Далее — последовательность характеристик. Первая строфа вся держится на цветовых эпитетах: «желтеющая нива», «малиновая слива», «зеленый листок»; два нецветовых эпитета — «свежий лес» и «сладостная тень» — занимают явно подчиненное положение (ибо тон задает первая строка с «желтеющей нивой»). Во второй строфе цветовых эпитетов столько же, но характер их иной: «румяный вечер», «утра час златой», «ландыш серебристый» — здесь это уже не столько цвет, сколько свет, предметы им не материализуются, а дематериализуются: нецветовой эпитет «душистая роса» по-прежнему второстепенен. В третьей строфе цветовые эпитеты отсутствуют вовсе, остается только нецветовой — «студеный ключ»: вместо зримого предмета перед нами лишь атмосфера, окружающая предмет; зато появляются новые эпитеты — такого свойства, какого раньше не было: «смутный сон», «таинственная сага», «мирный край». Так первоначальная ясность переходит в таинственную смутность, дематериализация завершена, кульминация достигнута.

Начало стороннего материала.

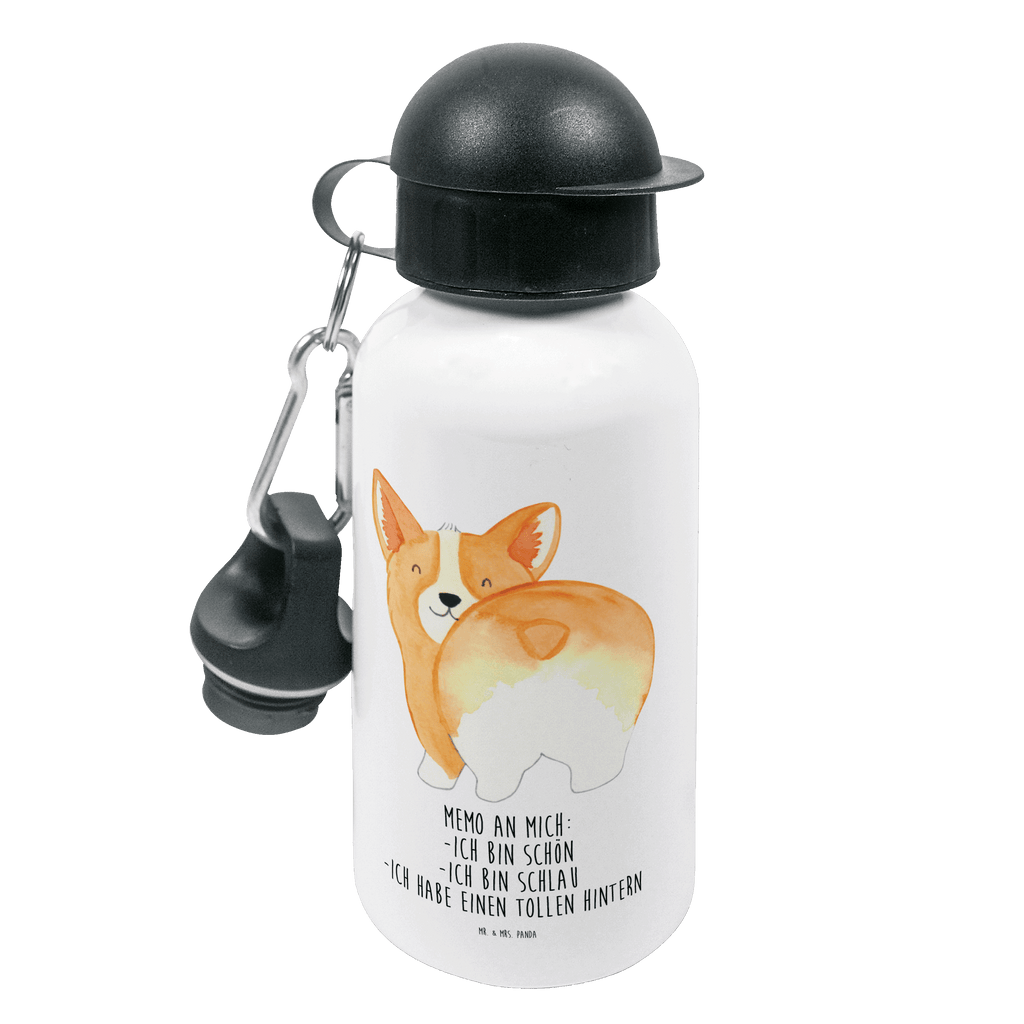 Kindertrinkflasche Corgie Po Kindertrinkflasche, Kinder Trinkflasche, Trinkflasche, Flasche, Kinderflasche, Kinder, Kids, Kindergarten Flasche, Grundschule, Jungs, Mädchen, Hund, Hundemotiv, Haustier, Hunderasse, Tierliebhaber, Hundebesitzer, Sprüche, Corgie, Hundeliebe, Motivation, Selbstliebe, Spruch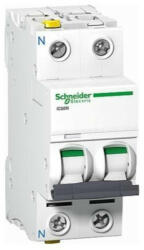 Schneider Electric A9 iC60N 1P-N 10A C kismegszakító Schneider (A9F04610) (A9F04610)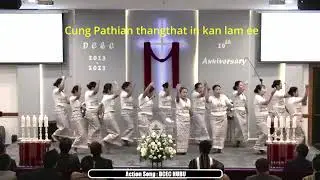 Cung Pathian Thangthat Chin Uh DCEC NUbu Acting Song Jennifer Zochhingpui DCEC kum10 tling  Jubilee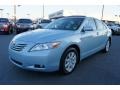 2007 Sky Blue Pearl Toyota Camry XLE V6  photo #6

Далее — последовательность точек зрения. В первой строфе все представлено объективно, со стороны: нива волнуется, лес шумит, слива прячется под листком — и дано это так, как будто всякий может наблюдать данные явления и удостовериться в них. Во второй строфе точка зрения уже субъективна: «Из-под куста мне ландыш серебристый приветливо кивает головой»; посторонней проверке это явление, понятно, не поддается. В третьей строфе повторяется то же: ключ «лепечет мне таинственную сагу», и это подчеркивается предыдущей фразой — «погружая мысль в какой-то смутный сон» — и «смутный сон», и «таинственная сага» существуют только для души поэта (в отличие, например, от «свежего леса» и «сладостной тени» первой строфы, которые существовали для всех), опять душа исподволь выдвигается на первый план и занимает все поле нашего зрения, преломляя наш взгляд на мир поэта.